According to a recent Daily Mail Online article American psychologist Louann Brizendine, whose book The Female Brain maps the key changes our minds and emotions undergo at different life stages, points out that 65 per cent of divorces after 50 are now initiated by women.
Seems men no longer corner the market on the mid-life crisis. Blame it on the fact that 50 is the new, what 25? Women are being told, left, right and centre that aging is no longer about sitting around in holiday sweaters knitting booties for your grandkids. We are encouraged to be fabulous, feisty, and ready for some fun.
The fact is, after age 50 more and more women are realizing that freed of the responsibilities of juggling young children, a career and a household, they suddenly take a look around and go, "wait a sec', what I am doing here?"
Then they look at their partner and say, "um, and who the heck are you."
Combine all this with an increased self-confidence, a bag full of life experience and a whole new set of hormones fluctuations and you've got yourself a full-blown mid-life crisis.
And, of course, what's a good mid-life crisis without bagging someone half your age.
Of course, Madonna, trendsetter that she's always been is right in on the action, having ditched Guy for a younger model (a hot Brazilian one at that, named Jesus, no less!)

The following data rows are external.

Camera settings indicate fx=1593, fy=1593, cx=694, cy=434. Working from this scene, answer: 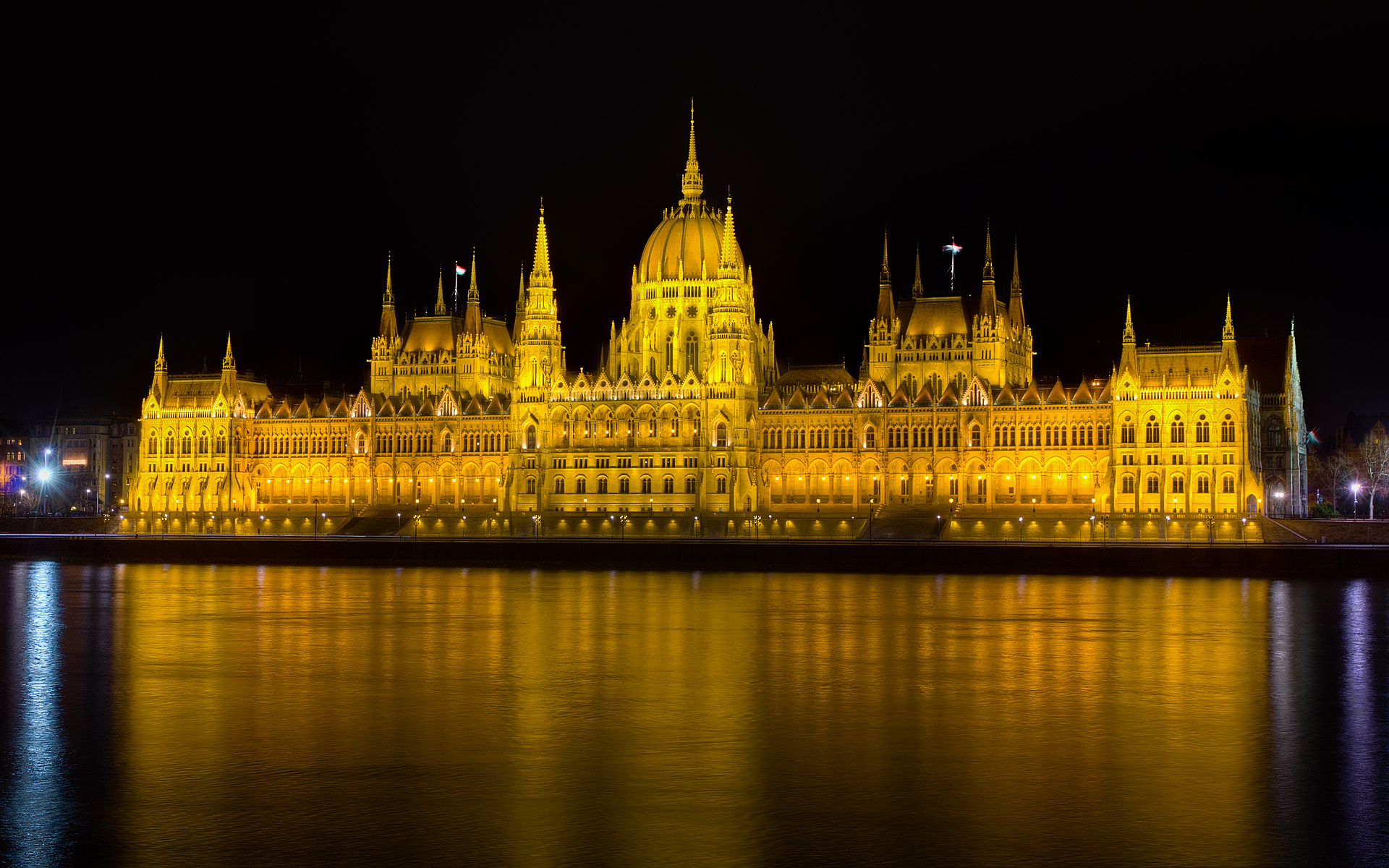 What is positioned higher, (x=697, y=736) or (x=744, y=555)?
(x=744, y=555)

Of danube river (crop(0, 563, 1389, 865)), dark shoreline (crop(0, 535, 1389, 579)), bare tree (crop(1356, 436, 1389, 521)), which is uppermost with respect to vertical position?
bare tree (crop(1356, 436, 1389, 521))

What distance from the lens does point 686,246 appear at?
383ft

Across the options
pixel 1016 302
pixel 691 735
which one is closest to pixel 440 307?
pixel 1016 302

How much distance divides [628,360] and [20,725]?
89.4 m

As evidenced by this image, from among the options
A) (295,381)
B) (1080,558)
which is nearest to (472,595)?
(1080,558)

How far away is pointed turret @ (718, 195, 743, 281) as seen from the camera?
111 metres

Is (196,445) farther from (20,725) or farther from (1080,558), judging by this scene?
(20,725)

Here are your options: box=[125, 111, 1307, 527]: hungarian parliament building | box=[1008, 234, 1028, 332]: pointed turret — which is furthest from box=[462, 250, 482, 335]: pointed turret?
box=[1008, 234, 1028, 332]: pointed turret

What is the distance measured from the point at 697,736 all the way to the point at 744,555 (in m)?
53.0

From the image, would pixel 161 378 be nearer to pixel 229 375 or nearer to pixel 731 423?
pixel 229 375

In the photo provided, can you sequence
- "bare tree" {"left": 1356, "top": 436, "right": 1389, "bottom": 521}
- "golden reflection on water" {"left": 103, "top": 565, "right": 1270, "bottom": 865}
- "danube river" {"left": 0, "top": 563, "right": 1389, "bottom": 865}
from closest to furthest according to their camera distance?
"danube river" {"left": 0, "top": 563, "right": 1389, "bottom": 865} → "golden reflection on water" {"left": 103, "top": 565, "right": 1270, "bottom": 865} → "bare tree" {"left": 1356, "top": 436, "right": 1389, "bottom": 521}

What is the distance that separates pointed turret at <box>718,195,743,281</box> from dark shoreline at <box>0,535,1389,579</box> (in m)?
26.2

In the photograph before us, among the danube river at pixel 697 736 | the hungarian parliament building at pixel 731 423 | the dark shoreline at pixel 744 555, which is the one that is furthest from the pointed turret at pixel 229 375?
the danube river at pixel 697 736

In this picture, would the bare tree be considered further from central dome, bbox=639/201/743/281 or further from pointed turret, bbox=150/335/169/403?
pointed turret, bbox=150/335/169/403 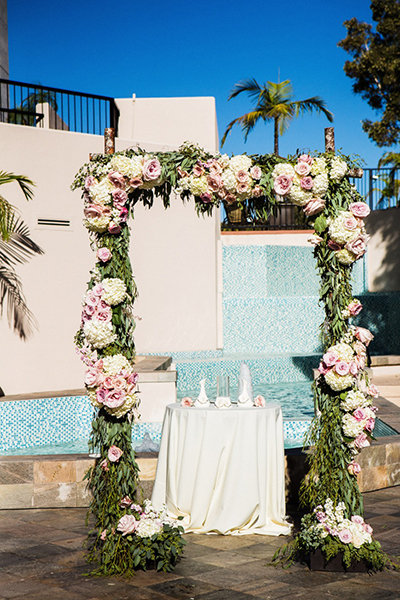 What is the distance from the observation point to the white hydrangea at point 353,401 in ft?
16.0

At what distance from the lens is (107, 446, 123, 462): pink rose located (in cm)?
490

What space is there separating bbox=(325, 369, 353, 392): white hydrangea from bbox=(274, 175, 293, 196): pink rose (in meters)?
1.23

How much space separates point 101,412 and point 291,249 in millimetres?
14201

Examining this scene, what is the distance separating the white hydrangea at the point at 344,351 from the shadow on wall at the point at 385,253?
50.6ft

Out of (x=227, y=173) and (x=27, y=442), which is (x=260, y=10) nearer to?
(x=27, y=442)

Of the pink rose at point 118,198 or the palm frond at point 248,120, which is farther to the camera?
the palm frond at point 248,120

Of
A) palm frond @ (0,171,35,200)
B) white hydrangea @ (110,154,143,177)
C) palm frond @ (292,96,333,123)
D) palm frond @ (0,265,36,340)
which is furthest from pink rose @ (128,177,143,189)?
palm frond @ (292,96,333,123)

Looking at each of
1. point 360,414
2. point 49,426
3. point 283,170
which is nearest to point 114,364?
point 360,414

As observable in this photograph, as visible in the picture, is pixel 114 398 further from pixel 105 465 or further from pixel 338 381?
pixel 338 381

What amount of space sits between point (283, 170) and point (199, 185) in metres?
0.57

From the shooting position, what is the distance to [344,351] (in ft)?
16.0

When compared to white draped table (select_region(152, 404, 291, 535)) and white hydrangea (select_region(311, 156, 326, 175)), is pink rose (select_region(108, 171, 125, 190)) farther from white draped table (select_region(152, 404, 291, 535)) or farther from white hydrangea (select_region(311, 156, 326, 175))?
white draped table (select_region(152, 404, 291, 535))

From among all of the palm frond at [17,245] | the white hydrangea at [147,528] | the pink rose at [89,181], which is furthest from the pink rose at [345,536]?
the palm frond at [17,245]

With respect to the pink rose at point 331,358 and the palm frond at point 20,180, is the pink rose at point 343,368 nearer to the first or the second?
the pink rose at point 331,358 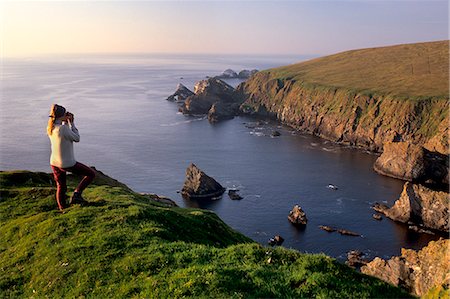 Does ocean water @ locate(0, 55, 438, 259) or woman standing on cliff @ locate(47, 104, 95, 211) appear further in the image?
ocean water @ locate(0, 55, 438, 259)

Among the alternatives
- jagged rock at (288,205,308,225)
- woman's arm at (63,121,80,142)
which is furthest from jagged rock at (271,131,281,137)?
woman's arm at (63,121,80,142)

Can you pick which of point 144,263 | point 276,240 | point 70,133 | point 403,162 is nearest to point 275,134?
point 403,162

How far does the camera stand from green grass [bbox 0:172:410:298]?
12.6m

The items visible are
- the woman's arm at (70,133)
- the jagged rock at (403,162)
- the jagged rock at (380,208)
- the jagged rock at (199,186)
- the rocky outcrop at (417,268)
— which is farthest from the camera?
the jagged rock at (403,162)

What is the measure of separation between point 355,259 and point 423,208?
25.4 m

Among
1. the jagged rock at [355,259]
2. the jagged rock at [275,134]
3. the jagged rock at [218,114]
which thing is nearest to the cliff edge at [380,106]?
the jagged rock at [275,134]

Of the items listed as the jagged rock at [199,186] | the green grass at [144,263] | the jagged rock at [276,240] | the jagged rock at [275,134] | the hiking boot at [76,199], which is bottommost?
the jagged rock at [276,240]

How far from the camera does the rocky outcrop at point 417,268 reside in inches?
1725

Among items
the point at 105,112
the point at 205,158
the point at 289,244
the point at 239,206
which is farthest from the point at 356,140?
the point at 105,112

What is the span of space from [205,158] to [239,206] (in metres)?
39.5

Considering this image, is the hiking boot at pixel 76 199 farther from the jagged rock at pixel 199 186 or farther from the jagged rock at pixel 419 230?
the jagged rock at pixel 419 230

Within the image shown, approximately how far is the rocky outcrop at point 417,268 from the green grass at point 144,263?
33496 millimetres

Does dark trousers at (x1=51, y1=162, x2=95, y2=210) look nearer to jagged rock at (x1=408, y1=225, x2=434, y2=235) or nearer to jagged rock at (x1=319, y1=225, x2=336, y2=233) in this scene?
jagged rock at (x1=319, y1=225, x2=336, y2=233)

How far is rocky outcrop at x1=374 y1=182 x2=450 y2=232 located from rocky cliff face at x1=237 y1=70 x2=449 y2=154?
43.3 m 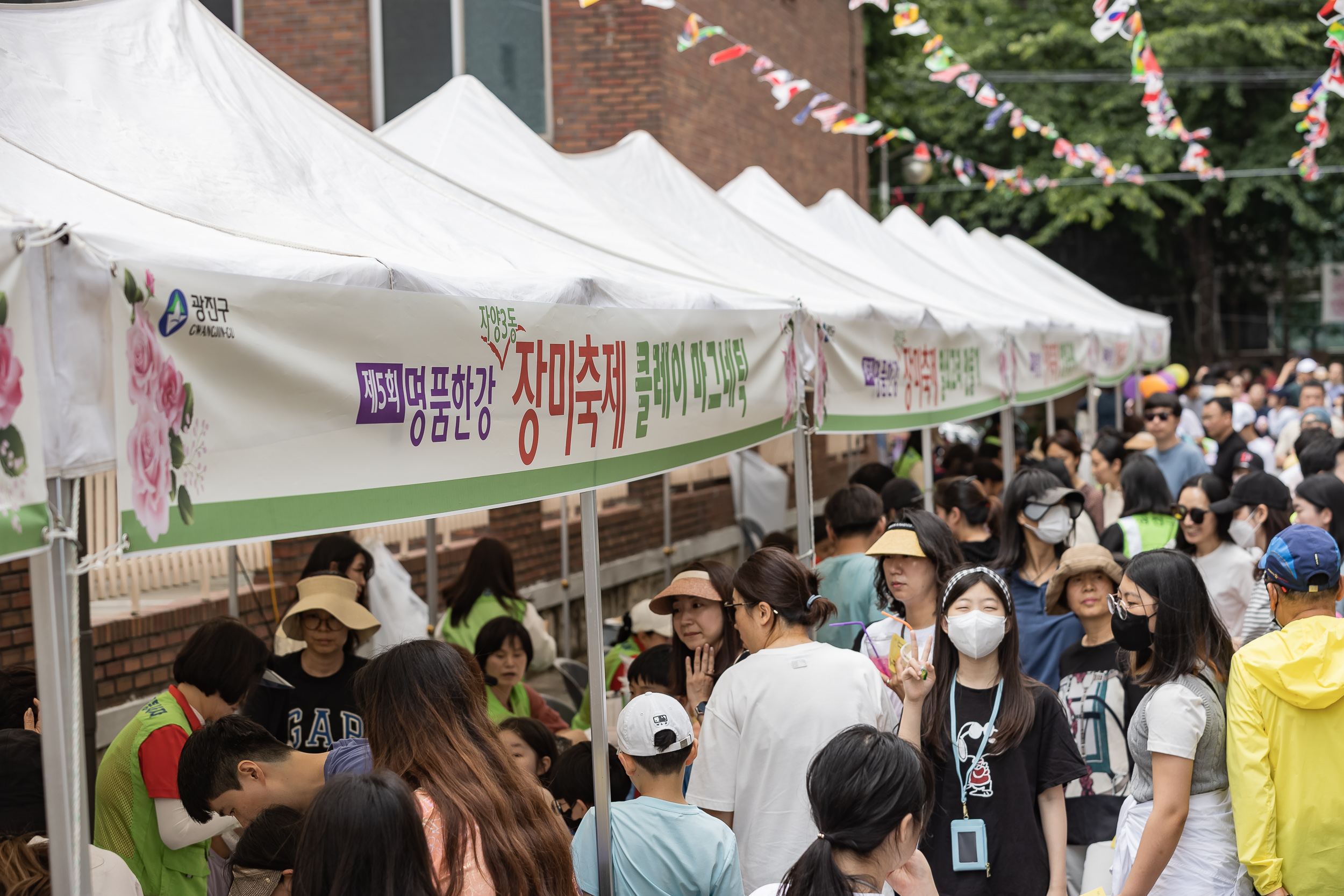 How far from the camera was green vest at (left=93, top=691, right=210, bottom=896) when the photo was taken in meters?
3.70

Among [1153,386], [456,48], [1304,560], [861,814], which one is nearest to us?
[861,814]

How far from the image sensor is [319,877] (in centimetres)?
221

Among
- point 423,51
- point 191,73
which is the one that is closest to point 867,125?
point 423,51

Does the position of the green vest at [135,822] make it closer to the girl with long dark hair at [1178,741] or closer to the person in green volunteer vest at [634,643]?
the person in green volunteer vest at [634,643]

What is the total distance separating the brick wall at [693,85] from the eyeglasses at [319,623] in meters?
9.48

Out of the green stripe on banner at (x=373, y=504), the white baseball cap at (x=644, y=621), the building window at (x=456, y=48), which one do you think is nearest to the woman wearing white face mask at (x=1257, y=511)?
the white baseball cap at (x=644, y=621)

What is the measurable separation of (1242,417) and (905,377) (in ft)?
36.0

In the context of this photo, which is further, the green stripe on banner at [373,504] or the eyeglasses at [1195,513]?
the eyeglasses at [1195,513]

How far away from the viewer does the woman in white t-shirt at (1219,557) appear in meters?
6.00

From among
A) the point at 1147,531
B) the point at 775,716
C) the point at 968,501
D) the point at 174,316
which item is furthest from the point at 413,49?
the point at 174,316

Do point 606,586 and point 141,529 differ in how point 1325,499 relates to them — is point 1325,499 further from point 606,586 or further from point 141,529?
point 606,586

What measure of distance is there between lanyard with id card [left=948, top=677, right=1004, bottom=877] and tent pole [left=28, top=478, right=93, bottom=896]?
2.37 metres

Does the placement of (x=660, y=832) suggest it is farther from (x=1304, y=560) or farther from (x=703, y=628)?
(x=1304, y=560)

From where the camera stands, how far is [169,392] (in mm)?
2154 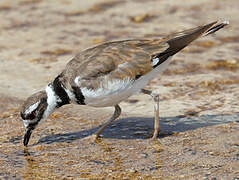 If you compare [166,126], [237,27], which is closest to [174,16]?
[237,27]

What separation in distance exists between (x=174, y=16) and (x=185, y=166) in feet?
24.8

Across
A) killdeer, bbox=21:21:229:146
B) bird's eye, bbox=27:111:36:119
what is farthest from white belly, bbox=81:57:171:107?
bird's eye, bbox=27:111:36:119

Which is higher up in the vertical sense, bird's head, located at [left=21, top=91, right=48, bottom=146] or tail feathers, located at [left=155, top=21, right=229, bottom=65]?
tail feathers, located at [left=155, top=21, right=229, bottom=65]

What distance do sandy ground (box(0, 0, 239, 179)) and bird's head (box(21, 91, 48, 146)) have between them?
0.24 meters

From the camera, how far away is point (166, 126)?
7.61m

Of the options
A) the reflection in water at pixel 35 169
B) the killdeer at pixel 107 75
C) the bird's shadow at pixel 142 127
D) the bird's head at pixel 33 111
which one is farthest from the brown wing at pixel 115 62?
the reflection in water at pixel 35 169

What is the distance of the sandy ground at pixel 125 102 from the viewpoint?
6309 millimetres

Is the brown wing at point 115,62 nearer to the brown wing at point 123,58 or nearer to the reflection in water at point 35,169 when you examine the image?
the brown wing at point 123,58

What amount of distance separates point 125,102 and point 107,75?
192 cm

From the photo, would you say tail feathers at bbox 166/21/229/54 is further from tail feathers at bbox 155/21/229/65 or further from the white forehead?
the white forehead

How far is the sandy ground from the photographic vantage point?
6.31 m

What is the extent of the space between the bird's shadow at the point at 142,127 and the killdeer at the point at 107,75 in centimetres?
24

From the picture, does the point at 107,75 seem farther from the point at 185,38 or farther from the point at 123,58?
the point at 185,38

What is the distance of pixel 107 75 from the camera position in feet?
22.8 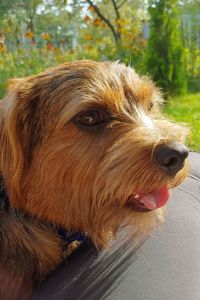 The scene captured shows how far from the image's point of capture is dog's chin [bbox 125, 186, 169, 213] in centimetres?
234

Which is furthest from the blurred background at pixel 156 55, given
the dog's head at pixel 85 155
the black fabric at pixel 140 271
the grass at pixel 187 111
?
the dog's head at pixel 85 155

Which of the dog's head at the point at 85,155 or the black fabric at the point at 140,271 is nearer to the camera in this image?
the black fabric at the point at 140,271

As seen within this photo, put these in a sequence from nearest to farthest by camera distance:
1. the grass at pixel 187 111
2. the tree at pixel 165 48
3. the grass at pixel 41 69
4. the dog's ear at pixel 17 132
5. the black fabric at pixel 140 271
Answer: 1. the black fabric at pixel 140 271
2. the dog's ear at pixel 17 132
3. the grass at pixel 187 111
4. the grass at pixel 41 69
5. the tree at pixel 165 48

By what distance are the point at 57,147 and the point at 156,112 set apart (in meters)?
0.75

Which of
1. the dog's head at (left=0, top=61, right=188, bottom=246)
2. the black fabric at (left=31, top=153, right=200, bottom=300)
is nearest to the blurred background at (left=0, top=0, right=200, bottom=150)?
the black fabric at (left=31, top=153, right=200, bottom=300)

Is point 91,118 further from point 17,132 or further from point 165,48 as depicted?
point 165,48

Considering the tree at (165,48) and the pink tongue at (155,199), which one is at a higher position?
the tree at (165,48)

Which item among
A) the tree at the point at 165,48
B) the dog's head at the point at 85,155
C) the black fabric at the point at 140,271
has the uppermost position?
the tree at the point at 165,48

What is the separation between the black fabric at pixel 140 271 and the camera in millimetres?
2088

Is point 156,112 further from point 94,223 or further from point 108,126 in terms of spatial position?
point 94,223

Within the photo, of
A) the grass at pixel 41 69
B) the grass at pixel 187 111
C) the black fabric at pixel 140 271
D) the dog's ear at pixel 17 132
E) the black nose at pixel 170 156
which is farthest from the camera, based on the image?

As Valerie Gibson, 60-something author of Cougar: A Guide for Older Women Dating Younger Men once put it to me: "Guys my age are old farts. They're fat and balding with baggage. They're not open sexually. They're sticks in the mud."
C'mon, tell us what you really think.
Screw aging gracefully. At 61, Gibson would rather just screw. And preferably with some young hottie, complete with a great bod and boundless sexual energy--someone who can keep up with her.
As for the cougar label being less than flattering, Gibson just shrugs: "I love the image of a cougar. They're sleek, powerful, and strong.
And it beats the names we give older men who date younger women: Perverts, dirty old men, gross.
Come to think of it, while I'm the first one to get out my pom-poms and cheer the image of the sexy older woman, all these female-mid-life crisis shenanigans sound suspiciously like the stuff we give older guys a hard time about.
Then again, this hasn't stopped them from enjoying it. In fact, we've long accepted the older man/younger woman scenario. Maybe it's about time we get used to the opposite as well.
If you can't beat 'em, join 'em, as they say. Or toss them out on their ass and find yourself a younger model.